Classification of Alzheimer's disease and Amyloid Status from Transcribed Connected Speech.
To install the code, do the following:
pip install git+https://github.com/lcn-kul/connected-speech-classification.git
Requirements can be installed from the requirements.txt
file doing something like this:
conda create --name connected-speech-classification python=3.11
pip install -r requirements.txt
The analysis roughly consists of three steps: Data preparation, classification, formatting of the results.

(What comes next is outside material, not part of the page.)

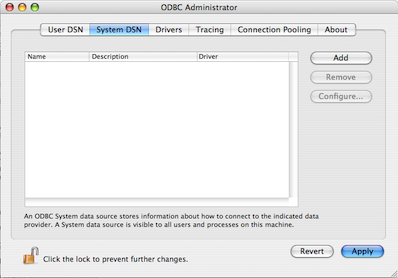 mac odbc admin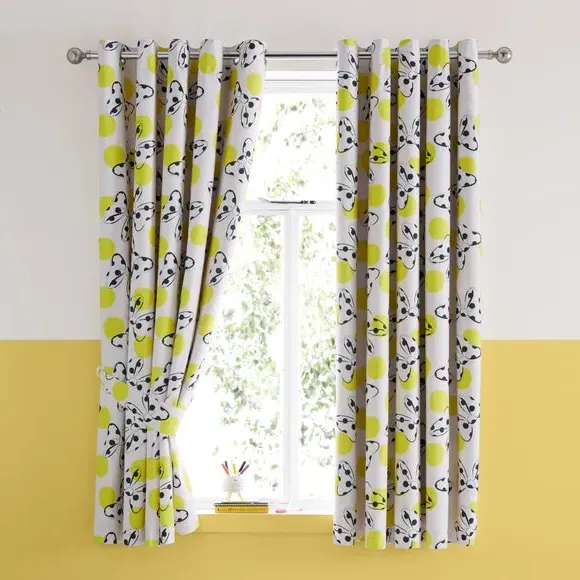Eyelet Curtains with Blackout Lining - Yellow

python ./connected_speech_classification/data/prepare_disease_status_datasets.py prepare-ad-hc-amyloid-pos-neg-datasets
- Independent classification
1.1 Classification on AD vs half of amyloid negative HC
python ./connected_speech_classification/models/disease_status_classifier classify-disease-label
1.2 Classification of amyloid positive vs other half of amyloid negative HC
python ./connected_speech_classification/models/disease_status_classifier classify-disease-label --classify_amyloid
1.3 Classification of amyloid negative group 1 versus amyloid negative group 2
python ./connected_speech_classification/models/disease_status_classifier classify-disease-label --classify_baseline
- Sequential classification
Make sure to get the saved model
"your-saved-model"
.
python ./connected_speech_classification/models/disease_status_classifier.py classify-disease-label \
--classification_model_base "your-saved-model" \
--classify_amyloid
- Joint multi-task classification
In this case, you need to provide two dataset directories.
python ./connected_speech_classification/models/disease_status_classifier.py classify-disease-label \
--classify_jointly \
--dataset_dir "your-ad-dataset" \
--dataset_dir "your-amyloid-dataset"
This assumes that the mlflow database has been exported to a .csv
file.
python ./connected_speech_classification/evaluation/format_mlflow_results.py convert-mlflow-tables
For convenience, there are scripts in scripts/combined
, but they might need some additional changes.